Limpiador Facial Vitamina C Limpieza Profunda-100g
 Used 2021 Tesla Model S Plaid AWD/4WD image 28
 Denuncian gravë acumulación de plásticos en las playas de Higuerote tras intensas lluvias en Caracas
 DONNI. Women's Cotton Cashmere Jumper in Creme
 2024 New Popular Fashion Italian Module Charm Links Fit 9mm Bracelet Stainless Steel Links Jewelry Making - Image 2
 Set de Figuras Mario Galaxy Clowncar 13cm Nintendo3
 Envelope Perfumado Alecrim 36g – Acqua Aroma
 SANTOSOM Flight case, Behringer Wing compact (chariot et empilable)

- Task to carry out:
Retype exactly. Start at the line with "Envelope Perfumado Alecrim 36g – Acqua Aroma" and stop at the last line of the data.

- Written solution:
 Envelope Perfumado Alecrim 36g – Acqua Aroma
 SANTOSOM Flight case, Behringer Wing compact (chariot et empilable)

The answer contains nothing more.